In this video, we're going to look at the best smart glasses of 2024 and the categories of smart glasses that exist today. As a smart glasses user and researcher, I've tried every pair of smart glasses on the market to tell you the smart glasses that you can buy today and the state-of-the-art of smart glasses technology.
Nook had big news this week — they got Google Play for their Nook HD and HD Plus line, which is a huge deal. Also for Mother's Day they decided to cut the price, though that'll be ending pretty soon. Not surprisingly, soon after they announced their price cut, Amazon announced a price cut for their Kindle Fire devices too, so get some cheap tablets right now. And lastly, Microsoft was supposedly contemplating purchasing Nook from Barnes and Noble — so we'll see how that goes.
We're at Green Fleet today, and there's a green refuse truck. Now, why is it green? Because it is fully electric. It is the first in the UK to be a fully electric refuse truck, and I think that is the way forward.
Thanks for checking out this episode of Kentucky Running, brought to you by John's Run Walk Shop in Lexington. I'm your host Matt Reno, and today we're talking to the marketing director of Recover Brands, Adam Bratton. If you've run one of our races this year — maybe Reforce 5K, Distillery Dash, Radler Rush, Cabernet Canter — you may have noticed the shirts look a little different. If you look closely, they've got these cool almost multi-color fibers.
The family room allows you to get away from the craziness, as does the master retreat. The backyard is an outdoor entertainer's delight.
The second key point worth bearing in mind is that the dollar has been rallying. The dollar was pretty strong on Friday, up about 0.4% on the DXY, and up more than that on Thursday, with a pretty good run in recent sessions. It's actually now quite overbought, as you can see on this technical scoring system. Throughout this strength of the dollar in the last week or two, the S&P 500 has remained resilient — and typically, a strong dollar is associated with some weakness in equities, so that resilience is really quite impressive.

---

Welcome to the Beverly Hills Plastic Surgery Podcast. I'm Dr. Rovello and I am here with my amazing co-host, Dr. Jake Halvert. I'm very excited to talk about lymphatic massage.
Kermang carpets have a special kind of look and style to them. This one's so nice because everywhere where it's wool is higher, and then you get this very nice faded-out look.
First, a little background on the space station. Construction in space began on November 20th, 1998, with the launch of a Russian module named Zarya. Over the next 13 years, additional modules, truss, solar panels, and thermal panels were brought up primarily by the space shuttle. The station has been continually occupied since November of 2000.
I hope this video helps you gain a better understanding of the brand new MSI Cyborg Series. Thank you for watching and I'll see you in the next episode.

** Work instructions **
Only the lines above from the line containing "Thanks for checking" through the line containing "The second key" should be retyped, exactly and with both ends included.

** Final answer **
Thanks for checking out this episode of Kentucky Running, brought to you by John's Run Walk Shop in Lexington. I'm your host Matt Reno, and today we're talking to the marketing director of Recover Brands, Adam Bratton. If you've run one of our races this year — maybe Reforce 5K, Distillery Dash, Radler Rush, Cabernet Canter — you may have noticed the shirts look a little different. If you look closely, they've got these cool almost multi-color fibers.
The family room allows you to get away from the craziness, as does the master retreat. The backyard is an outdoor entertainer's delight.
The second key point worth bearing in mind is that the dollar has been rallying. The dollar was pretty strong on Friday, up about 0.4% on the DXY, and up more than that on Thursday, with a pretty good run in recent sessions. It's actually now quite overbought, as you can see on this technical scoring system. Throughout this strength of the dollar in the last week or two, the S&P 500 has remained resilient — and typically, a strong dollar is associated with some weakness in equities, so that resilience is really quite impressive.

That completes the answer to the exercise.